DATA FOR THIS EXERCISE
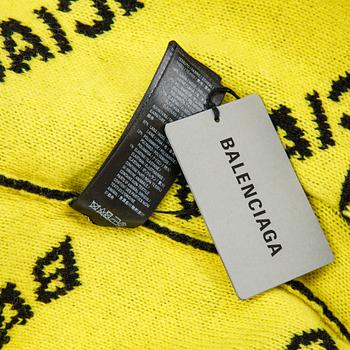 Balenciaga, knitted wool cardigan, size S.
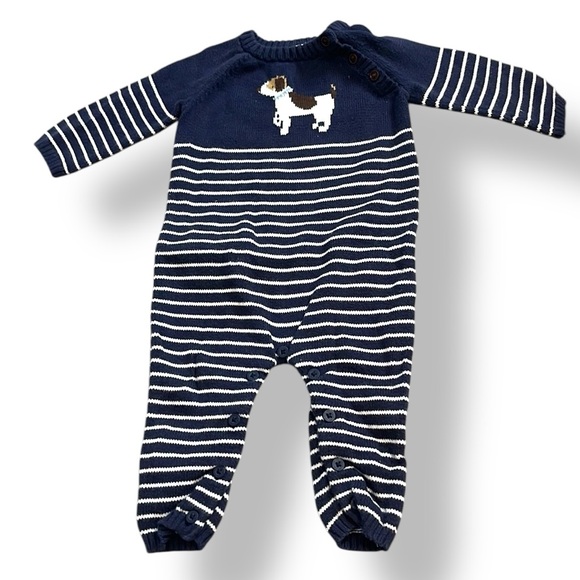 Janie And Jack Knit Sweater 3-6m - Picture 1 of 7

...

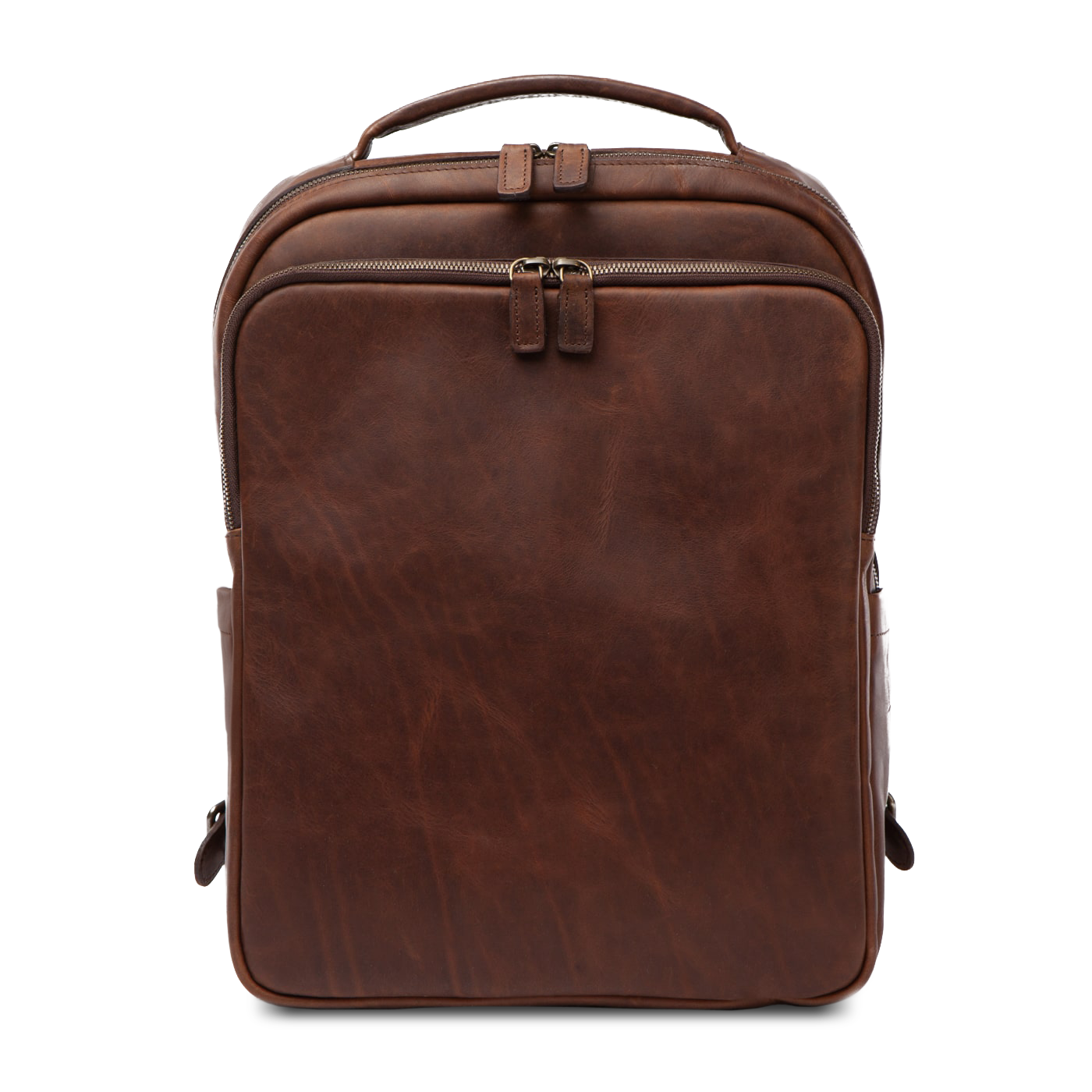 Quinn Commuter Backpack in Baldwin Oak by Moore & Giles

...

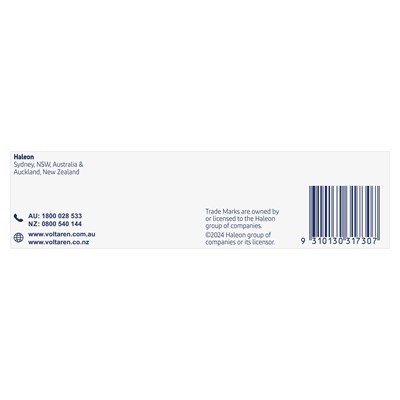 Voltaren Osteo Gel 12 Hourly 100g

REQUIRED ACTION
Could the stretch from the line with "Balenciaga, knitted wool cardigan, size S." through the line with "Janie And Jack" in the listing above be restated word for word, minus the pictures?

OUTPUT BELOW
 Balenciaga, knitted wool cardigan, size S.
 Janie And Jack Knit Sweater 3-6m - Picture 1 of 7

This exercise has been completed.